| To do |
Check every line of the data for the string "Image" and copy the ones that have it.

| Input data |
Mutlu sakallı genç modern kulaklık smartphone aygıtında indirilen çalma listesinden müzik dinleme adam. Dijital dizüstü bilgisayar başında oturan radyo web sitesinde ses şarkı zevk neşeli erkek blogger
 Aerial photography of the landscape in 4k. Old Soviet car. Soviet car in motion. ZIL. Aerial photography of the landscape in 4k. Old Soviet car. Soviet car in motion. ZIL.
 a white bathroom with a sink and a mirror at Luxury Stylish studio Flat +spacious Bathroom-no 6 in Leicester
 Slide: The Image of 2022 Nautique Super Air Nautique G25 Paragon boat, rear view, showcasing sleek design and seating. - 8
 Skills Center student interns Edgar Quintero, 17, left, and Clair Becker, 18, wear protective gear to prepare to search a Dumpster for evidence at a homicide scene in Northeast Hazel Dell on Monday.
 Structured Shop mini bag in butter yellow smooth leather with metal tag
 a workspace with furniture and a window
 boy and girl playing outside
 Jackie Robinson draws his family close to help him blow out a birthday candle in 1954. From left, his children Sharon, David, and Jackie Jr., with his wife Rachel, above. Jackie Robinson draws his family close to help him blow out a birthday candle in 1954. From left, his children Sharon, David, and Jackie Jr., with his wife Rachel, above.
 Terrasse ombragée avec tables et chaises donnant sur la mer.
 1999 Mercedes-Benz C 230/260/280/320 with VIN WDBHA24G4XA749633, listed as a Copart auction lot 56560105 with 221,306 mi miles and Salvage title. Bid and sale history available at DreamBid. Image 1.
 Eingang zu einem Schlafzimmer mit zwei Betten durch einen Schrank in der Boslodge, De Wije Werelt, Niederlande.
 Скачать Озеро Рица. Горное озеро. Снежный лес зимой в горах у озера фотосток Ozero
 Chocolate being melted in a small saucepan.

| Reply |
 Slide: The Image of 2022 Nautique Super Air Nautique G25 Paragon boat, rear view, showcasing sleek design and seating. - 8
 1999 Mercedes-Benz C 230/260/280/320 with VIN WDBHA24G4XA749633, listed as a Copart auction lot 56560105 with 221,306 mi miles and Salvage title. Bid and sale history available at DreamBid. Image 1.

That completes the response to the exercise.